What is being asked: All entries below must be output word for word, and the pictures left behind.

Data under study:
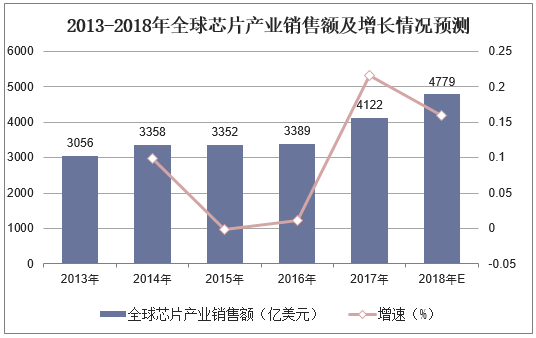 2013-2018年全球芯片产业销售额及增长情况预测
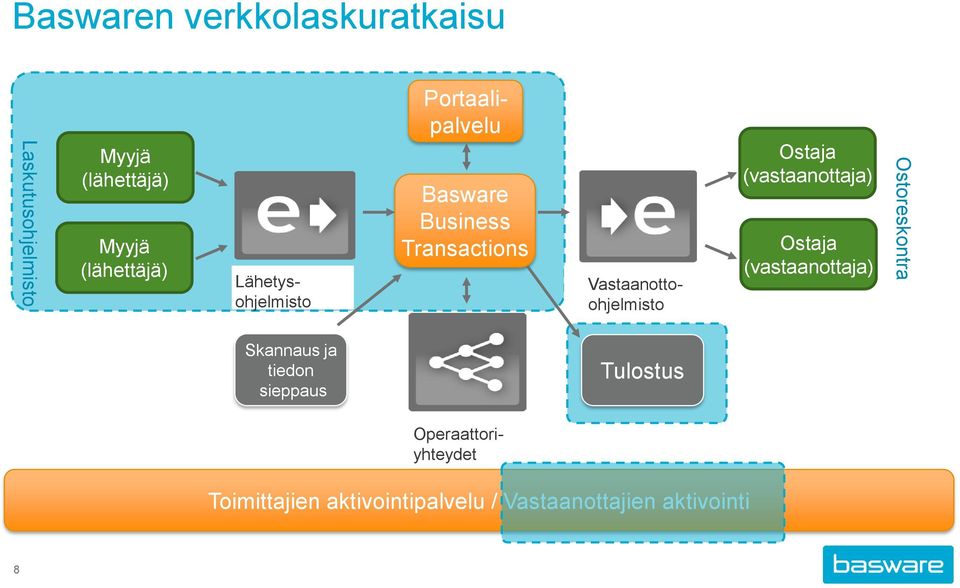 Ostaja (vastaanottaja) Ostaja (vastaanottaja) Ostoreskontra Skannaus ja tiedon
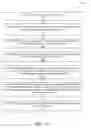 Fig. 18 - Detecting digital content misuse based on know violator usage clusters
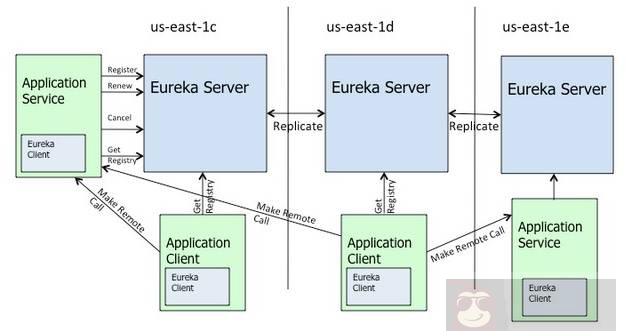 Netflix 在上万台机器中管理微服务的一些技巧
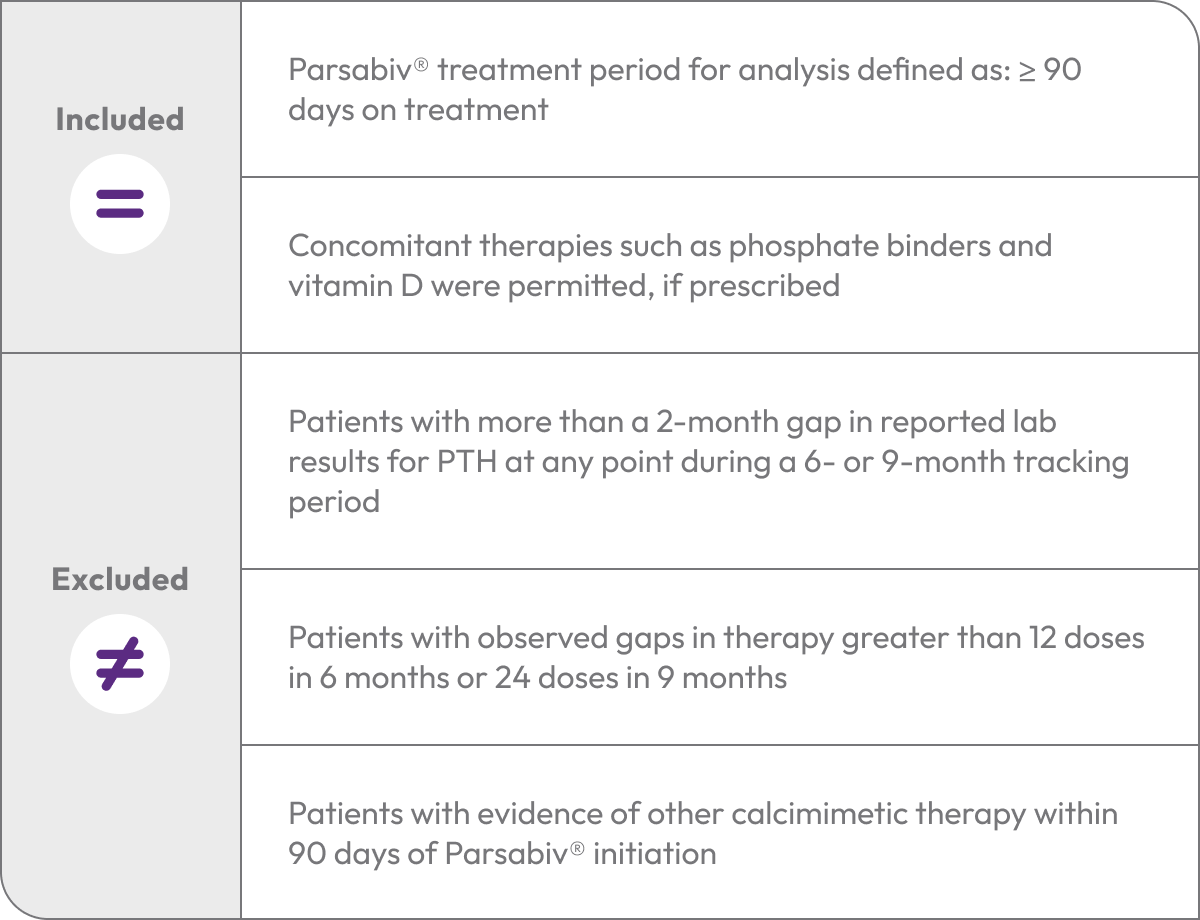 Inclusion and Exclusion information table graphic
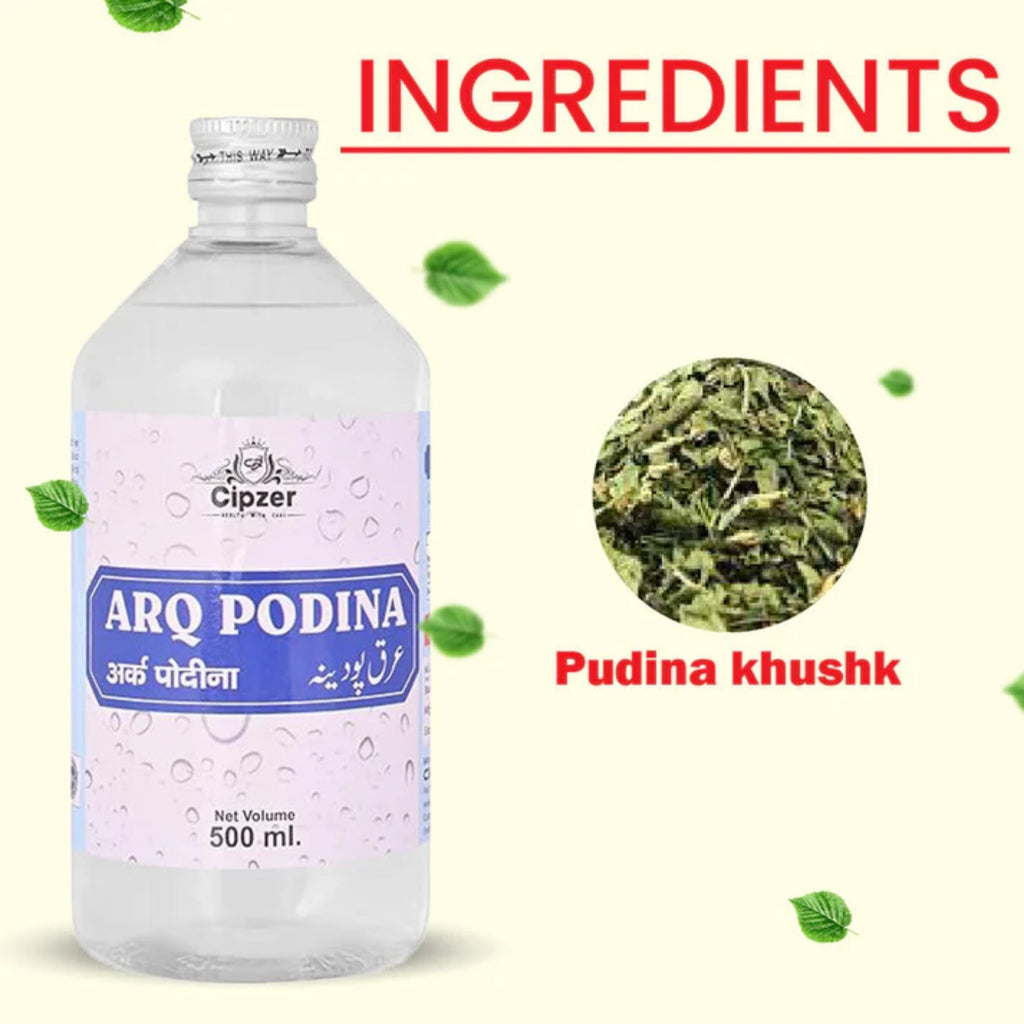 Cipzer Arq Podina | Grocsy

Written response:
 2013-2018年全球芯片产业销售额及增长情况预测
 Ostaja (vastaanottaja) Ostaja (vastaanottaja) Ostoreskontra Skannaus ja tiedon
 Fig. 18 - Detecting digital content misuse based on know violator usage clusters
 Netflix 在上万台机器中管理微服务的一些技巧
 Inclusion and Exclusion information table graphic
 Cipzer Arq Podina | Grocsy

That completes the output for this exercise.